- Rental-property owners look for reliable ways to scale up quickly and ensure steady cash flow.
- One way: buy a home, fix it up to rent out, then refinance to get cash and buy the next one.
- Two investors lay out the reasons they’re now shying away from that model, nicknamed BRRRR.
Jessica Davis Holland, an Austin, Texas real-estate investor, and her husband recently spent $225,000 on a three-bedroom, two-bathroom home in the growing suburb of Cedar Creek.
It was the fourth property in the last three years that the couple had purchased and renovated. Their initial goal, as with their previous projects, was to turn the house into a cash-flowing rental property, then use money they’d get after refinancing to purchase their next fixer-upper.
After all, the Austin market was booming. Home prices were increasing at what seemed like an exponential rate, which meant cash-out refinances were lucrative. Rents were also climbing, which meant the money coming in from tenants often exceeded the cost — including principal, interest, taxes, and insurance — of holding onto the home.
Except, this time, the numbers didn’t work out as Holland had originally planned. In addition to the purchase price, they spent roughly $65,000 on the renovations, $5,000 on property taxes, and another $22,500 on carrying the property — including closing costs and monthly mortgage payments — for a few months while the renovations wrapped.
With the $2,000 per month rent they could likely get, their monthly costs would exceed their income, so the couple decided that their best path forward was to sell the house after completing the renovations. The $354,000 they earned from the sale was more than what they put into the house in total, so they came out on top.
“We looked at long-term rent and we would have been in the hole a few hundred dollars per month based on interest rates and property taxes,” Holland told Insider. “We decided to flip it because we weren’t in a position to say, ‘I’m fine if I lay out $400 a month to carry this property.'”
Home rehabbers like Holland are quickly finding that the once-reliable method known as “BRRRR” — short for buy, rehab, rent, refinance, and repeat — has become much riskier as home prices in hot pandemic markets fizzle out and 30-year mortgage rates reach the 7% threshold.
While mom-and-pop landlords have practiced the BRRRR strategy for decades, it became even more popular in the years leading up to the pandemic as investor influencers on social media and podcasts with large online forums, including BiggerPockets, extolled its virtues. And then, when interest rates fell and rents skyrocketed between 2020 and 2022, rehabbers across the country embraced the strategy even more enthusiastically, believing it was a surefire way of adding new properties to their portfolios and making more money.
But a perfect storm of softening home prices, increasing taxes, higher mortgage rates, and steep building-material costs has made the BRRRR model less attractive to investors. And Austin is particularly vulnerable, as home prices have fallen drastically since last summer, when they peaked.

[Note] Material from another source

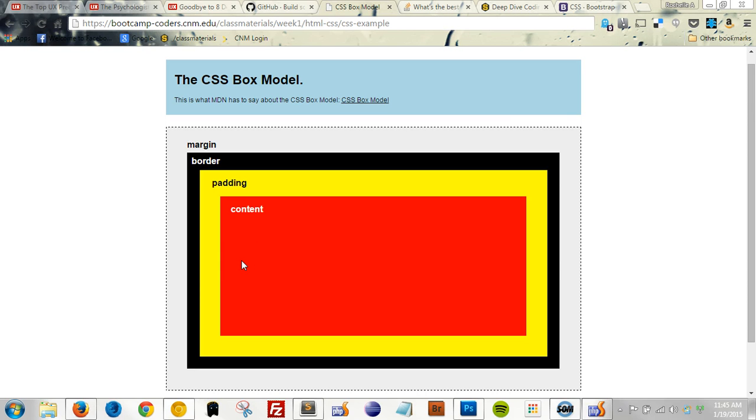Welcome to CSS Chapter 2, The Box Model and Positioning. In this screencast, we're going to learn what the CSS box model is, and we're going to learn how to position elements on a web page. Let's get started.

The BRRRR method has become more challenging
John Crenshaw, a 27-year-old Austin investor who owns several rentals acquired via the BRRRR method, said that using it has become more challenging for him and his fellow investors since mortgage rates increased.

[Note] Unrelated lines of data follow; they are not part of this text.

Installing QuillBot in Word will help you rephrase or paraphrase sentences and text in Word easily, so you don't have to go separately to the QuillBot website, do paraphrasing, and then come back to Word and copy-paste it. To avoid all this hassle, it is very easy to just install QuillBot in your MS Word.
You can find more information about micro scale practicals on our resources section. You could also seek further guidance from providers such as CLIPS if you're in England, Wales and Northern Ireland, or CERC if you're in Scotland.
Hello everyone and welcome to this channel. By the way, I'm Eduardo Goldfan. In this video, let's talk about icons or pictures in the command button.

Not only are homes selling and appraising for less than they were six months ago, which dampens the size of cash-out refinances, but lenders have become more risk-averse.

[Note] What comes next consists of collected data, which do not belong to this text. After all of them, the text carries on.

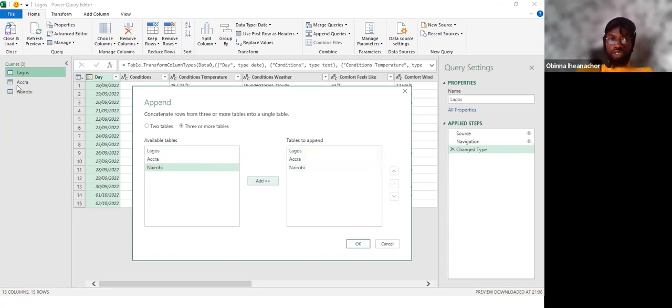Since we have three tables, I choose the option for three or more tables. I have Lagos — I click Add for Accra, Add for Nairobi, and hit OK. For appending, the three tables must have the same number of columns and the same column names.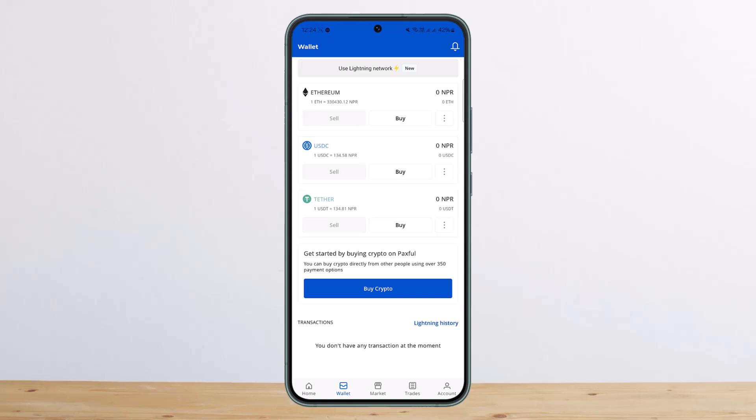Tap on that particular transaction, and on the next page you'll be able to see your transaction ID. So this is how you can get the transaction ID on Paxful.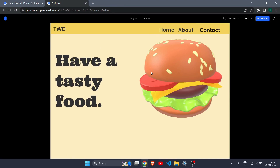Hey everyone, welcome back to another video. In this video I will show you how to make a 3D website without any code. As you can see on my screen, I have a 3D website which I made with the help of dora.run, and we will be using that software to make a 3D website.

“Instead of doing an 80% cash-out, a lot of people are only doing 75% or 70% cash-out, so you’ll only get 70% of your loan value back and the remaining 30% has to remain in the property,” Crenshaw told Insider.
While a 5% or 10% difference may not seem like much on paper, it is more than enough to change the equation for most investors, Crenshaw said. After a 70% cash-out on a house that the lender said is worth $300,000, the borrower would get $210,000 — or about $30,000 less than they’d get in a 80% cash-out. And borrowers who refinanced a house two years ago would have gotten a 30-year mortgage right around 3%, Freddie Mac data shows. Today, they’d get a rate of around 6.65%, which could increase monthly mortgage payments on a $300,000 house by nearly $500 a month.
What landlords can do instead of BRRRR
And because it’s impossible to just raise rents to whatever covers their costs, landlords are looking to expand their options — and ideally, portfolios — when they have to pivot.
When the BRRRR numbers don’t work, Holland said, there are a few strategies investors could consider instead.
“What are your exit strategies?” she asked. “Can you hold it? And if you can hold it, are you going to long-term rent it or short-term rent it, or are you going to flip it?”
While Holland and her husband ended up selling the Cedar Creek property, she said that they did explore all of their options, including using the property as a short-term rental on Airbnb. But even that strategy has its own competitive advantages and disadvantages, she said, such as seasonality and uncertain income.
In their case, when the cost of the renovation and high mortgage rates dovetailed, the best option was simply to sell the property to someone who wanted a nicely rehabbed home — and move on to the next one.